Page:Revue des Deux Mondes - 1865 - tome 59.djvu/909

La bibliothèque libre.
Le texte de cette page a été corrigé et est conforme au fac-similé.

Ma promenade me conduit ensuite vers le nord, au-delà du canal, dans les quartiers lointains qu’habitent les Allemands, et qu’ils appellent « l’outre-Rhin ; » c’est en effet une succursale de l’Allemagne : figures, langage et costumes même à l’avenant ; puis je monte par des pentes rapides jusqu’aux sommets qui environnent la ville. La vue qu’on y embrasse est riante et vaste. Cette grande cité avec ses murailles rouges, ses bâtimens et ses tours innombrables, ce cercle de collines couronnées de villas fleuries, ces trois rivières qui serpentent mollement dans la plaine, ces côtes boisées du Kentucky sur l’autre rive, ce mouvement, ces fumées, ce murmure de vie qui s’élève, forment un ensemble riche et gracieux qui rappelle nos plus belles villes d’Europe. On descend de là dans une vallée abrupte, où se groupe autour d’une rivière et d’un canal tout le quartier industriel de la ville. C’est un curieux pêle-mêle de chutes d’eau, de moulins, d’usines en planches, de cheminées fumantes, de machines à vapeur en action. Çà et là je lis sur une muraille en lettres colossales ces deux mots expressifs : Slaughter house (littéralement maison de carnage) ; c’est un de ces grands abattoirs perfectionnés où les troupeaux de porcs entrent vivans par milliers, pour n’en ressortir qu’en barils de viande salée. En face, sur le revers opposé de la vallée, une peuplade de vieilles maisons de bois gravit le flanc escarpé, de la colline. De ce côté s’étendent de grands et beaux jardins où trônent cinq ou six habitations monumentales, maisons de campagne englobées par la ville. C’est là le quartier élégant, le West-End de Cincinnati. Près de la rivière sont les rues commerçantes et leurs édifices de granit surmontés de tours florentines d’un goût médiocre, mais de proportions colossales.
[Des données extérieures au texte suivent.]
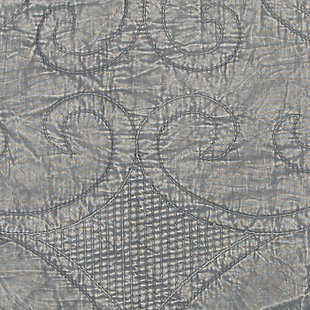 Cotton Anthony Queen Quilt, Gray, rollover
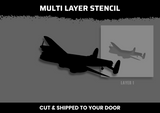 Plane Aircraft Silhouette Multi Layer Stencil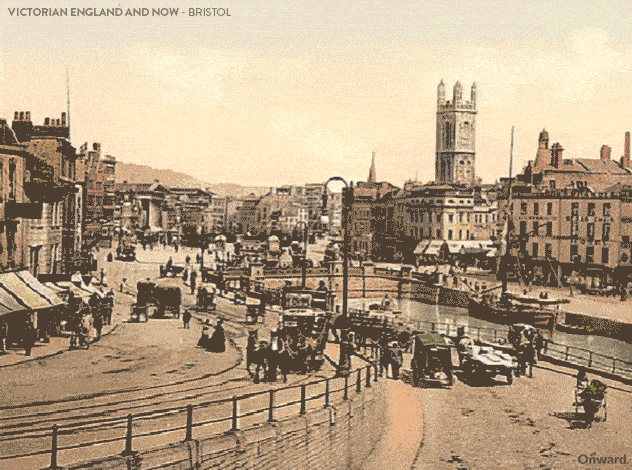 Как изменились английские города за 125 лет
L’hôtel seul, avec son dôme, ses terrasses, ses péristyles, ressemble plus à un monument qu’à une auberge.


New-York, 26 septembre.

En sortant de Cincinnati, le chemin traverse les longs faubourgs qui se pressent dans la vallée, puis il tourne au nord et longe quelque temps le cours du Little-Miami, rivière champêtre et pastorale qui coule sous les noyers et les chênes. A Columbus, capitale de l’état d’Ohio, commencent les forêts monotones et les landes sablonneuses qui couvrent ces grands plateaux. A Crestline, arrivés une demi-heure trop tard, nous trouvons le train parti. Il faut passer tout le jour dans une baraque de planches, à l’angle des deux voies. Je suis le seul parmi ces voyageurs flegmatiques qui ait l’air de trouver le temps long ; les autres se couchent sur les bancs, mettent leurs pieds sur la cheminée et fument en silence.